Due: Friday March 8 at 11:59pm in compass2g.illinois.edu
For this assignment, submit one zip file containing all the necessary script files (map and reduce scripts) and one report file outside of the zip file. Script files in your zip file should be the actual script files, not code pasted into another document.
Your report should be a Word, pdf or plain text file (e.g. .txt; Compass will not allow you to upload .sh files). For your report, include the command line code needed to run the job (including any command line commands to download data files, copy data to HDFS, and show results obtained on HDFS), and the results generated. Results must be clearly labeled (e.g. year in the results, and column labels in the results or explanation of the columns in a report file so it is clear to the reader what the quantities are). There should be short descriptive text for describing the results. Be sure to state units.
Use python for the map and reduce scripts. You may need to make your script files executable by all using chmod a+x filename so they can be run by Hadoop. Any code based on code from elsewhere (e.g. code provided with the text) must reference in comments the source of the original code.
All exercises are based on NCDC weather data like the data we have worked with in class. You will need to download the files for the specified year ranges below.
Note: In python, you will also want to use float for non-integer arithmetic, rather than int when dividing numbers. Using int will result in integer arithmetic, so remainders will be dropped instead of resulting in decimals so there would be truncation errors with int.
Using Hadoop and MapReduce, find the minimum monthly recorded air temperature from 1915 to 1924 and return those minimum values in degrees Celsius. (You should have 12 values total, one for each month).
Using Hadoop and MapReduce, obtain the number of trusted temperature observations and the minimum and maximum monthly temperatures in degrees Fahrenheit over the period of 1915 to 1924. Make sure your code only goes through the data once to get these results (to do this you will need to update the minimum, maximum, and count at the same step in the code).
Using Hadoop and MapReduce, obtain the total number of air temperature observations that are not missing for each month during the period from 1915 to 1924 and the total number of observations with acceptable quality codes for each month during that period.

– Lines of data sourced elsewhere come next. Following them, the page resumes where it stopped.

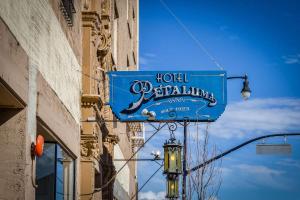 a blue hotel parking sign hanging from a building at Hotel Petaluma, Tapestry Collection by Hilton in Petaluma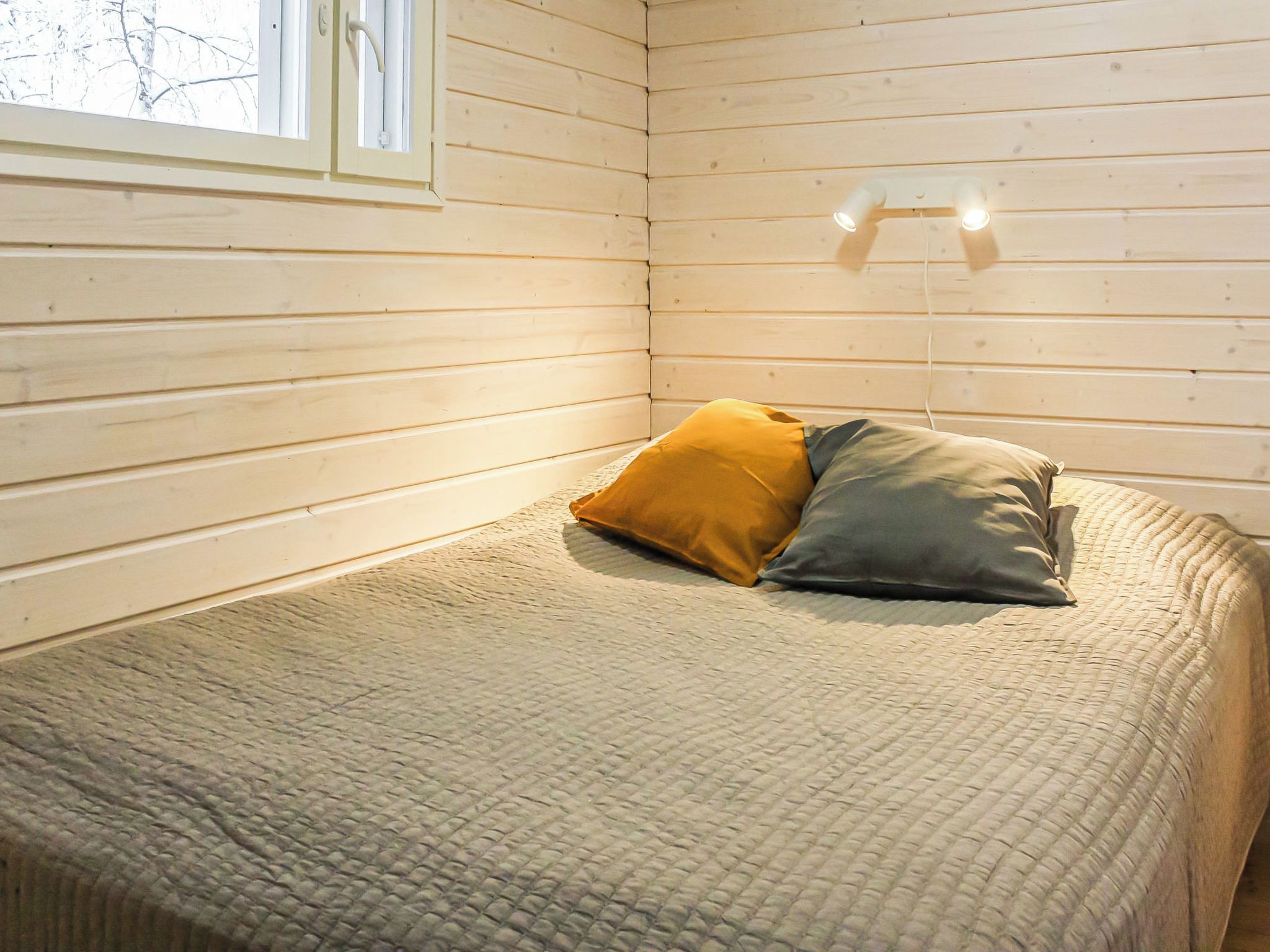 A room with wooden walls, a bed with a textured blanket, two pillows, and a window with blinds.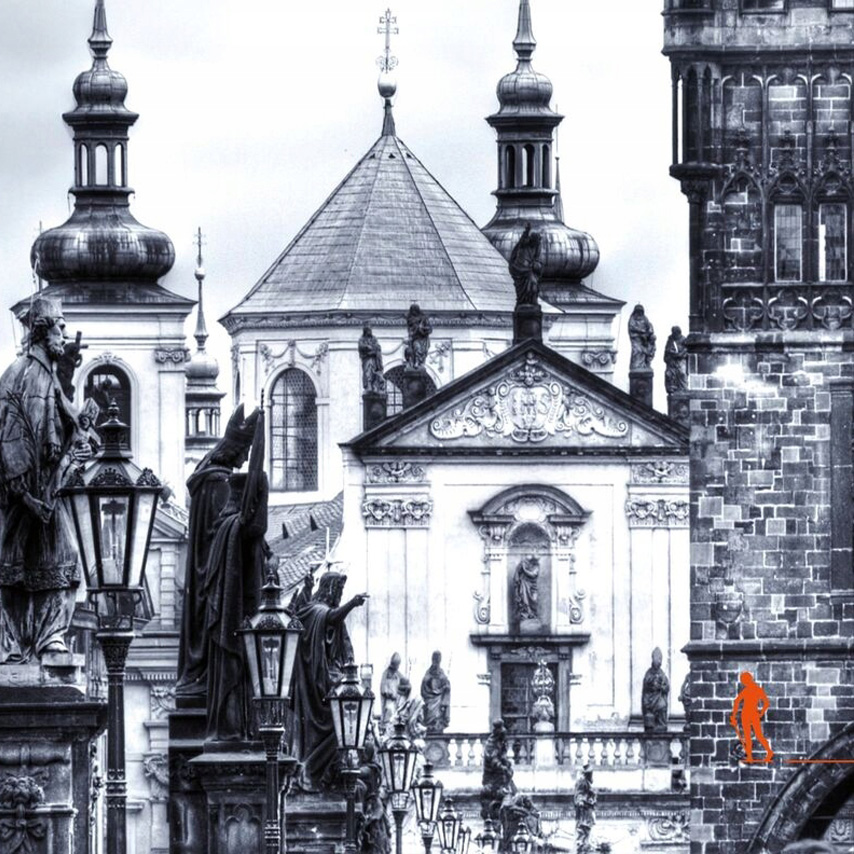 Czarno-biała fotografia przedstawiająca zabytkowy most wyłożony kamieniem, po którego obu stronach stoją rzeźby na wysokich cokołach oraz stylowe latarnie. W tle widoczne są ozdobne budynki sakralne z kopułami, wieżami i bogatymi detalami architektonicznymi. Po prawej stronie znajduje się fragment masywnej, kamiennej wieży.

Make sure your code only goes through the data once to get these results (to do this, you could have the mapper return (month, tempcount, validqcount) for each observation, and have the reducer aggregate).
Using Hadoop and MapReduce, obtain the monthly mean air temperature in degrees Celsius for the period from 1915 to
1924. If you use a combiner, make sure your code will work when data needs to be recombined from samples of different sizes.